Rentrée des classes à l’école primaire, quand je n’étais pas encore Oncle Phil mais juste mini Phil.
PAR ONCLE PHIL
La maîtresse demande à tous les enfants de se présenter et de dire ce que font leurs parents dans la vie: «Et toi, mini Phil? Qu’est-ce qu’il fait ton papa?» lance-t-elle d’un ton excessivement interrogatif. «Mon papa, il est artiste!» lui réponds-je avec fierté. Mauvaise réponse, selon l’enseignante:
– Non, pas son hobby! Son métier. Ce qu’il fait pour gagner de l’argent.
– Mais… il est artiste. Artiste peintre et graveur! C’est ça son métier à mon papa!
Perplexe, l’instit’ fait une drôle de moue et passe à la tête blonde suivante. Cet incident sera probablement abordé lors de la prochaine rencontre avec les parents, afin de déterminer l’exactitude de la catégorie socio-professionnelle en conformité avec les usages officiels établis dans le plan d’étude FRIPRUFL 1992 (mini Phil était déjà ‘old school’ à l’époque).
Quelques années plus tard, mini Phil devenu Oncle Phil se retrouve face à un assureur doté d’un jargon technocratique étoffé.
– C’est quoi votre profession?
– Sociolinguiste – … – ou linguiste tout court si vous voulez
– d’aaaaccord… mais comment dire… vous êtes encore aux études ou bieeeeeen… ‘fin vous voyez c’que j’veux dire, hein?
– j’écris un doctorat en parallèle, mais je suis sociolinguiste, oui. Vous pouvez mettre «chercheur» sinon. Ou «collaborateur scientifique».

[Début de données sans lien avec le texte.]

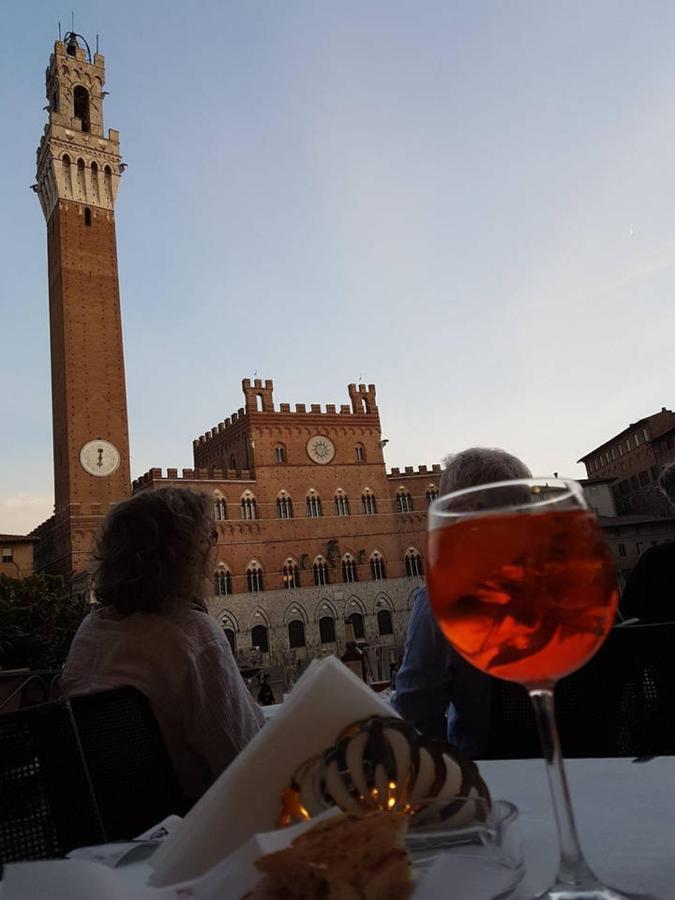 Da Simone Podere Santi Lucia E Pietro Siena Eksteriør billede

– ça va si j’mets «professeur des universités»? Y a ni «linguiste» ni «chercheur» dans ma liste.
– euh… ce n’est pas vraiment la même chose.
– ben j’ai qu’ça qui est comme ça qu’vous dites!
– mmmmh… Alors mettez plutôt «artiste». Ça fera l’affaire.
Excellent. On sourit pour ne pas pleurer.
Tout est de plus en plus calibré, compartimenté.Toujours moins de place pour la nuance, la fantaisie.
C’est déstabilisant.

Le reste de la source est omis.